[Brief descriptive captions]
============
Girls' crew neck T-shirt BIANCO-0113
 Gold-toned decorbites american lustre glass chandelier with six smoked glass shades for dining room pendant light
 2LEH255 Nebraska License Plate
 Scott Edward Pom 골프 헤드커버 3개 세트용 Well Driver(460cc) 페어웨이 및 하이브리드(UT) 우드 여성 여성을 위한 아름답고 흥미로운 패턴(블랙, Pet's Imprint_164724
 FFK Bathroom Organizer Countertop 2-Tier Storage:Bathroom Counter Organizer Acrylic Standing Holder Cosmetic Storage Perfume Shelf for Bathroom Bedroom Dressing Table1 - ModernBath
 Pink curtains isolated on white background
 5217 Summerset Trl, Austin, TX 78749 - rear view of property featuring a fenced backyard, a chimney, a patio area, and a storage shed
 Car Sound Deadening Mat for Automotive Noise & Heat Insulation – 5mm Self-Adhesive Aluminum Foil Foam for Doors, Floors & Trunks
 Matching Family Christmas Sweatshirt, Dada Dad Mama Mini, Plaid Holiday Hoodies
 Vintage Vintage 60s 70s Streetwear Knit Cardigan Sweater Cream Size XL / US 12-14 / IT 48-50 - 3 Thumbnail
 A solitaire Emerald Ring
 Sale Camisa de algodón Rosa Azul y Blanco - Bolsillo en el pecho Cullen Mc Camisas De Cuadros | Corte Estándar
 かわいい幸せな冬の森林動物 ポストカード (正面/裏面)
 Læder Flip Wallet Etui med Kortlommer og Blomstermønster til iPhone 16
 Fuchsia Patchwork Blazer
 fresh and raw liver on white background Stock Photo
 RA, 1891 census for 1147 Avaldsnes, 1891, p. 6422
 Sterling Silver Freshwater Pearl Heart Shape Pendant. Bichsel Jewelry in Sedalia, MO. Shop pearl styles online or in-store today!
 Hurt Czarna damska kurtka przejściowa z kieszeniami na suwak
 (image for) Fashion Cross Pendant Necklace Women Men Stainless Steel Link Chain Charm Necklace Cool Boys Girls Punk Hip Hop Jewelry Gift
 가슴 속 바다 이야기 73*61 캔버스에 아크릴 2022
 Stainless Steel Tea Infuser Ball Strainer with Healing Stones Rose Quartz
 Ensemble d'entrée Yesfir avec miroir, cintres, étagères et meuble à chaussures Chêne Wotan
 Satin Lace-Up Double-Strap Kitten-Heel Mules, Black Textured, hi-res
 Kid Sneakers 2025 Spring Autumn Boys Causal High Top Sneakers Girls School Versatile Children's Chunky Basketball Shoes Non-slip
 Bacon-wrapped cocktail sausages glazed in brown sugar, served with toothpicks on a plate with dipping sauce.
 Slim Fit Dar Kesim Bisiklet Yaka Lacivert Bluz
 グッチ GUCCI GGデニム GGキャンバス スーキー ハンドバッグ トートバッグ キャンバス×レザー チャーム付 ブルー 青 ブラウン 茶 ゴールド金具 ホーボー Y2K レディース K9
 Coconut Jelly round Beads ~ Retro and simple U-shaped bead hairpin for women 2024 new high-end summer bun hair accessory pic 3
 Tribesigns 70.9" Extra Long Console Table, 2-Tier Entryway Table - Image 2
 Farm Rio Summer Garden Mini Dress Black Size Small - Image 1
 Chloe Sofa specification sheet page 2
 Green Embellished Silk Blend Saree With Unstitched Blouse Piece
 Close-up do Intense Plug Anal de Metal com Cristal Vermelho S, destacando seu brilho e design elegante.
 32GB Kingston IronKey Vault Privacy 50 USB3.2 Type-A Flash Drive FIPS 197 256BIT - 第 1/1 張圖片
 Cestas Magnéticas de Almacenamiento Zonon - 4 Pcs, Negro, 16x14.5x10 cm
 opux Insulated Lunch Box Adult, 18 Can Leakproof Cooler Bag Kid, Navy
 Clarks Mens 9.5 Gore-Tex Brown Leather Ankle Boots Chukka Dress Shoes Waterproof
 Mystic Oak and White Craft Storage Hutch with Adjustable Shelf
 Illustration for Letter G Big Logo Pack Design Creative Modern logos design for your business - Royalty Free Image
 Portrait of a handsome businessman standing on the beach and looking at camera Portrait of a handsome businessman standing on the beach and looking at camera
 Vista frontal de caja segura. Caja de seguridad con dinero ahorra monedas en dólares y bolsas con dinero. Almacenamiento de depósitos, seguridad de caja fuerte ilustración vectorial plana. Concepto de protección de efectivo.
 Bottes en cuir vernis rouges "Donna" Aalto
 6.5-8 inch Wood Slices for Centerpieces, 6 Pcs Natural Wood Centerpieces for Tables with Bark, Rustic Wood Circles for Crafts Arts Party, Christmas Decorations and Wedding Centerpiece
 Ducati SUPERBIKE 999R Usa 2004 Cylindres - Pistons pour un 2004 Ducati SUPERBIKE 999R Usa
============
● WORK TASK
Quote the records above exactly, from the first line through the line containing "5217 Summerset Trl, Austin, TX", and nothing more.

● SOLUTION
Girls' crew neck T-shirt BIANCO-0113
 Gold-toned decorbites american lustre glass chandelier with six smoked glass shades for dining room pendant light
 2LEH255 Nebraska License Plate
 Scott Edward Pom 골프 헤드커버 3개 세트용 Well Driver(460cc) 페어웨이 및 하이브리드(UT) 우드 여성 여성을 위한 아름답고 흥미로운 패턴(블랙, Pet's Imprint_164724
 FFK Bathroom Organizer Countertop 2-Tier Storage:Bathroom Counter Organizer Acrylic Standing Holder Cosmetic Storage Perfume Shelf for Bathroom Bedroom Dressing Table1 - ModernBath
 Pink curtains isolated on white background
 5217 Summerset Trl, Austin, TX 78749 - rear view of property featuring a fenced backyard, a chimney, a patio area, and a storage shed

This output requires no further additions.